FDA rejects Sobi’s gout drug over manufacturing issues, sparing Amgen blockbuster

FDA stop sign
In rejecting NASP, the FDA is delaying the launch of a gout drug that Sobi projected could reach up to 6 billion Swedish kroner ($620 million) in peak sales. (Photo by Sarah Silbiger/Getty Images)

Sobi’s plan to introduce a challenger to Amgen’s blockbuster gout drug Krystexxa has been put on hold by the FDA.

The FDA has issued a complete response letter to Sobi’s application for NASP as a treatment for uncontrolled gout, the Swedish company announced Friday.

In rejecting NASP, the FDA is delaying the launch of a product that Sobi projected could reach between 4 billion Swedish kroner (about $410 million) and 6 billion Swedish kroner ($620 million) in peak sales. 

The FDA cited deficiencies at a contract manufacturing facility and is requiring additional data related to manufacturing control strategy of the biological component of the drug, according to Sobi. The agency identified no concerns regarding the drug’s clinical efficacy-safety profile, the company said.

“The FDA's feedback provides a clear and actionable path forward and we will work closely with them towards a resubmission,” Lydia Abad-Franch, M.D., chief medical officer of Sobi, said in a June 26 statement.

NASP is a sequential combination of nanoencapsulated sirolimus, which prevents the formation of anti-drug antibodies, and pegadricase, a pegylated recombinant uricase enzyme that reduces serum uric acid (SUA). High levels of SUA are a primary driver of gout. 

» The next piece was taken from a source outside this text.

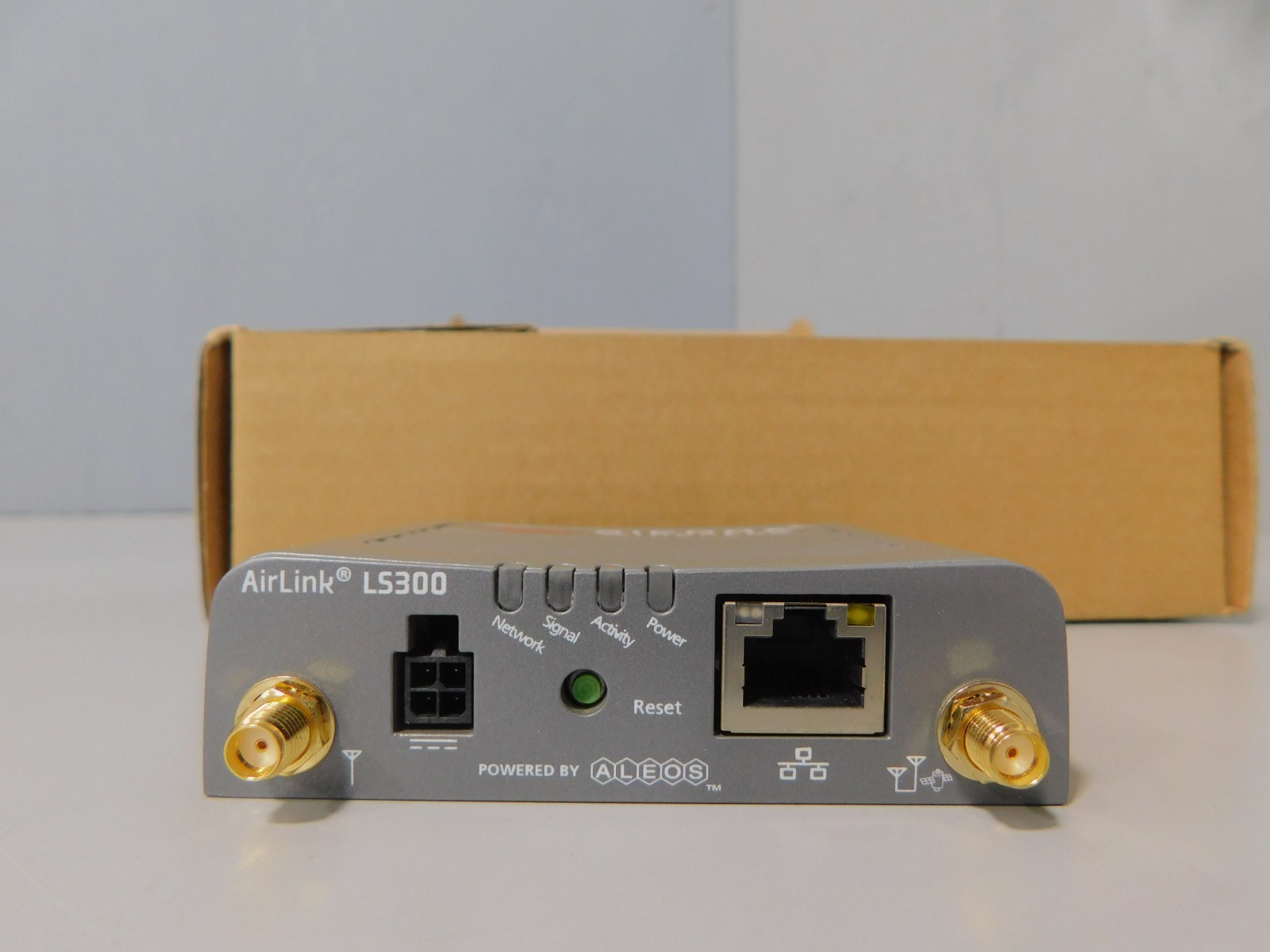 NEW SIERRA WIRELESS AirLink LS300 Industrial 3G Gateway Wireless Router (AT&T)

In two phase 3 trials, Dissolve I and II, Sobi and its partner Selecta Biosciences reported a higher percentage of patients who achieved SUA levels below 6 mg/dL, a target ⁠for the treatment of gout, for at least 80% of the sixth month of treatment, for NASP than placebo. 

With NASP, Sobi’s prime competitor is Amgen’s Krystexxa, another recombinant uricase that brought $1.34 billion in U.S. sales last year. Krystexxa is an every-other-week intravenous infusion that requires weekly oral methotrexate as its immunomodulator. NASP is administered monthly, and it could offer an option for patients for whom methotrexate is contraindicated, including those with severe liver or kidney disease. 

Besides NASP, Sobi recently acquired another gout program. Through its up-to-$1.5 billion acquisition of Arthrosi Therapeutics, Sobi is advancing pozdeutinurad, a once-daily oral URAT1 inhibitor that reported positive topline results from one of its phase 3 trials in gout last month. The company expects readout from a second trial later this year, plus additional follow-up from the current six months to a year. 

Sobi has higher expectations for pozdeutinurad, forecasting it to generate blockbuster peak sales exceeding 10 billion Swedish kroner ($1.03 billion).